EuGH Beschluss v. - C-415/06

Abzugsverbot für Verluste aus USA-Betriebsstätte, weil nach DBA diese Betriebsstätteneinkünfte nicht der deutschen Besteuerung unterliegen

Leitsatz

[1] Eine nationale Steuerregelung, wonach eine Gesellschaft, die ihren Sitz in einem Mitgliedstaat hat, bei der Ermittlung ihres Gewinns nicht die Verluste aus einer Betriebsstätte in einem Drittstaat abziehen kann, berührt vorwiegend die Ausübung der Niederlassungsfreiheit im Sinne der Art. 43 bis 48 EG. Diese Bestimmungen können bei einem Sachverhalt, der eine Betriebsstätte in einem Drittstaat betrifft, nicht geltend gemacht werden.

Gesetze: VerfO Art. 104 § 3 Abs. 1

Instanzenzug: (Verfahrensverlauf), , ,

Gründe

1 Das Vorabentscheidungsersuchen betrifft die Auslegung der Art. 56 EG bis 58 EG.

2 Dieses Ersuchen ergeht im Rahmen eines Rechtsstreits der Stahlwerk Ergste Westig GmbH (im Folgenden: Stahlwerk Ergste Westig) gegen das Finanzamt Düsseldorf-Mettmann (im Folgenden: Finanzamt) wegen des Abzugs der Verluste aus in einem Drittstaat ansässigen Personengesellschaften, deren sämtliche Anteile von Stahlwerk Ergste Westig gehalten werden.

Ausgangsrechtsstreit und Vorlagefragen

3 Stahlwerk Ergste Westig ist eine deutsche Gesellschaft, die in Deutschland unbeschränkt einkommensteuerpflichtig ist. Im Steuerjahr 1999, hielt sie 100 % der Anteile von zwei amerikanischen Personengesellschaften, die von dem vorlegenden Gericht als Betriebsstätten eingestuft werden.

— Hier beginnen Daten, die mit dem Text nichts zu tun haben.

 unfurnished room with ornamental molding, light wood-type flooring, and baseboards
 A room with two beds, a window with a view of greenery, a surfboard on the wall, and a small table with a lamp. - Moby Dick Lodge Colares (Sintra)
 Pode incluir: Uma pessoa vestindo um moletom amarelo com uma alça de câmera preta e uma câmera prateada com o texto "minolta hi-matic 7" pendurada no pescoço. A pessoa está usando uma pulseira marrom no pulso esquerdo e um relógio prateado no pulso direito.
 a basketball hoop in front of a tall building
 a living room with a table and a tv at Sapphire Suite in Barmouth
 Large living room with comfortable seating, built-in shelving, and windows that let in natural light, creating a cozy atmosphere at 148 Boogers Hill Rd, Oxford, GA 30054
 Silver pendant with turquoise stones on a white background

4 Diese zwei Gesellschaften erlitten im genannten Steuerjahr 1999 Verluste in Höhe von 3 425 382 DM, die Stahlwerk Ergste Westig bei der Berechnung des Gesamtbetrags ihrer Einkünfte in Deutschland in diesem Steuerjahr abzog.

5 Das Finanzamt lehnte einen solchen Verlustabzug ab. Es begründete dies vor allem damit, dass Einkünfte aus Betriebsstätten nach Art. 7 Abs. 1 und Art. 23 Abs. 2 Buchst. a Satz 1 des Abkommens zwischen der Bundesrepublik Deutschland und den Vereinigten Staaten von Amerika zur Vermeidung der Doppelbesteuerung und zur Verhinderung der Steuerverkürzung auf dem Gebiet der Steuern vom Einkommen und vom Vermögen und einiger anderer Steuern vom (BGBl. 1991 II, S. 355, im Folgenden: deutsch-amerikanisches Doppelbesteuerungsabkommen) von der Steuer in Deutschland befreit sind.

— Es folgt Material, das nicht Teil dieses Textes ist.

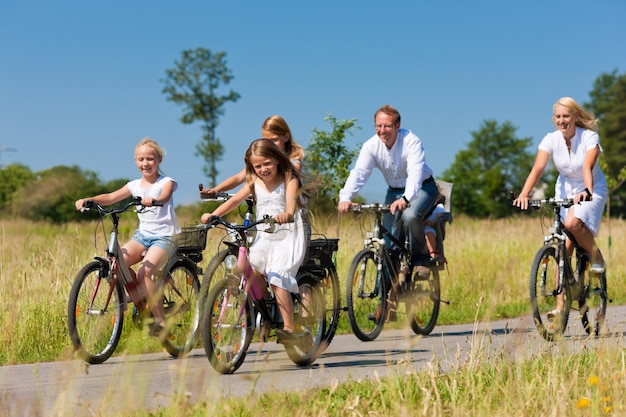 Family cycling outdoors in summer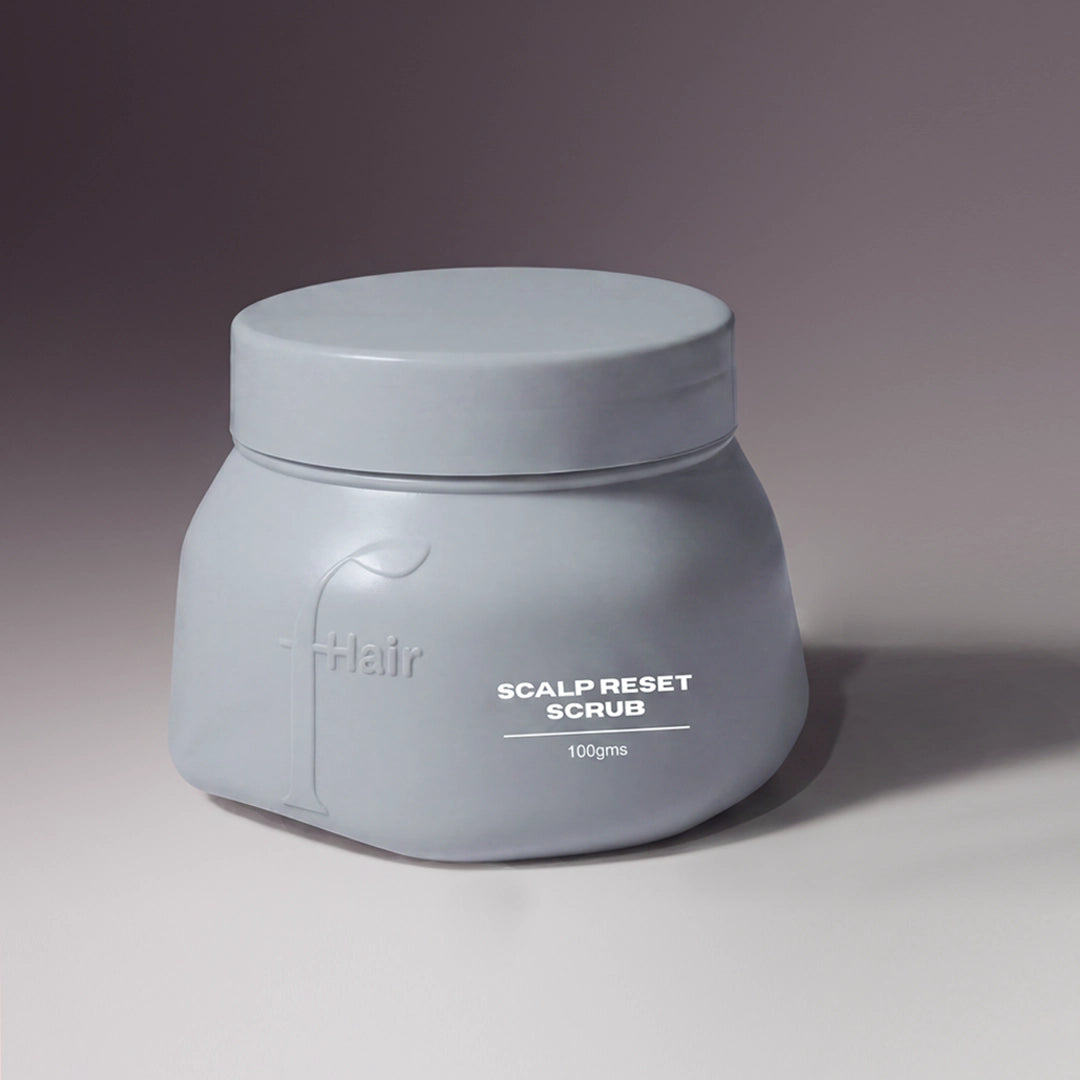 Scalp Reset Scrub – Gentle Desert Salt Scrub for Scalp Buildup in a gray container on a neutral background.
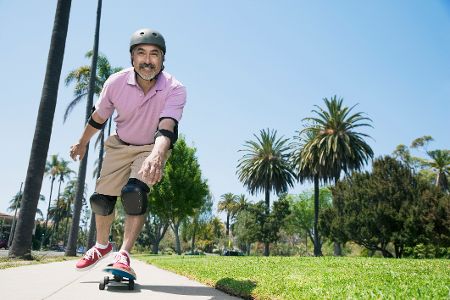 Älterer Mann fährt freudestrahlend eine Straße auf einem Skateboard hinunter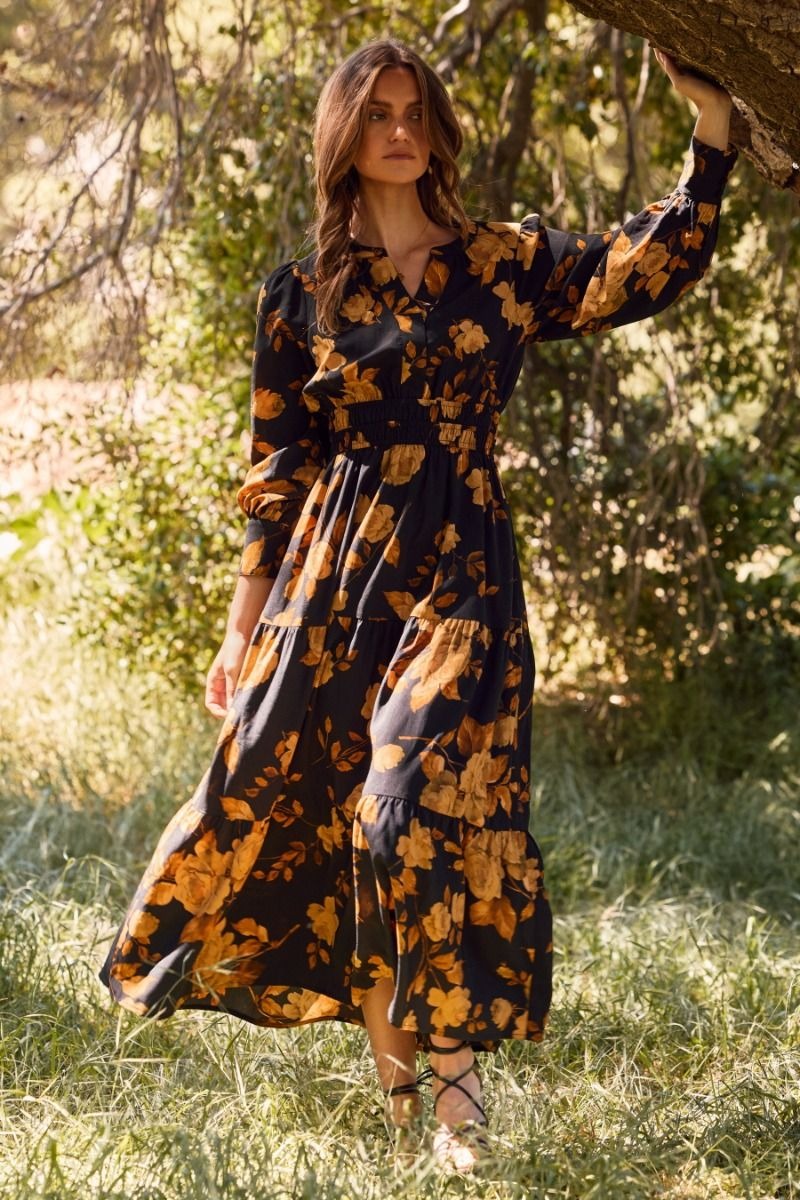 Floral printed tiered maxi dress with elastic waist and buttoned neckline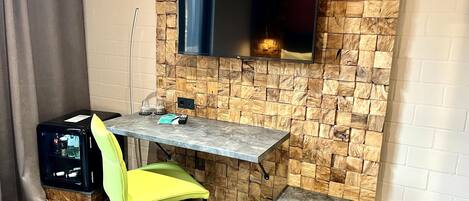 A compact room with a stone-patterned wall, a flat-screen TV mounted above a small table, a yellow chair, and a bench.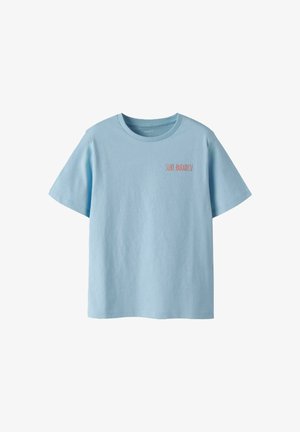 T-shirt bleu clair à manches courtes avec col rond et petit texte rouge "SURF PARADISE" sur le côté gauche de la poitrine.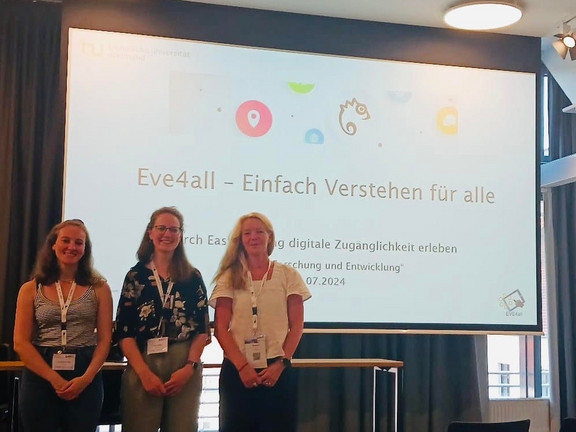 Drei Personen stehen vor einer Leinwand und lächeln in die Kamera. Auf der Leinwand sieht man den Text "Eve4all - Einfach Verstehen für alle".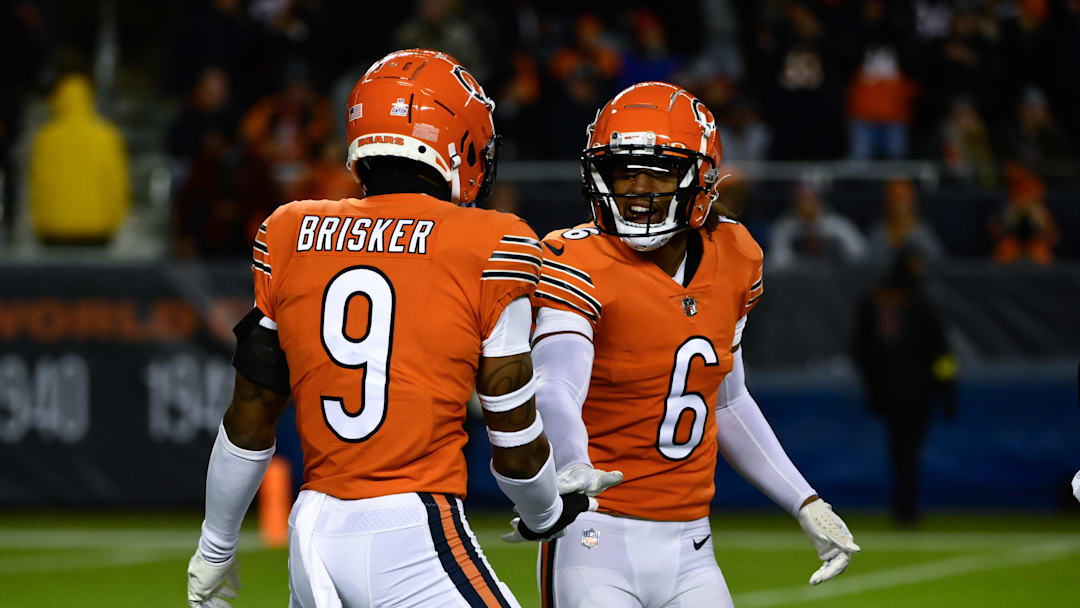 Oct 13, 2022; Chicago, Illinois, USA; Chicago Bears safety Jaquan Brisker (9) and Chicago Bears cornerback Kyler Gordon (6) after Brisker sacked Washington Commanders quarterback Carson Wentz (11) during the first half at Soldier Field. Mandatory Credit: Matt Marton-Imagn Images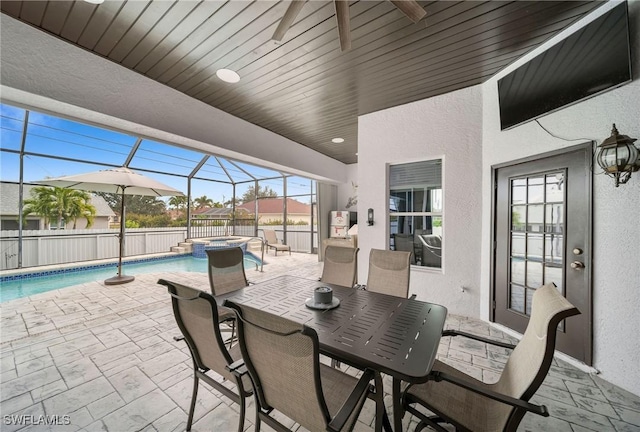 view of patio featuring a lanai, a pool with hot tub, and ceiling fan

6 Die Klage von Stahlwerk Ergste Westig gegen diese Entscheidung des Finanzamts wies das ab.

7 Der mit dem Rechtsstreit befasste Bundesfinanzhof, stellt fest, dass eine Unvereinbarkeit der nationalen Steuerregelung mit dem Gemeinschaftsrecht voraussetze, dass nicht nur die Niederlassungsfreiheit, sondern auch die Freiheit des Kapitalverkehrs verletzt sei.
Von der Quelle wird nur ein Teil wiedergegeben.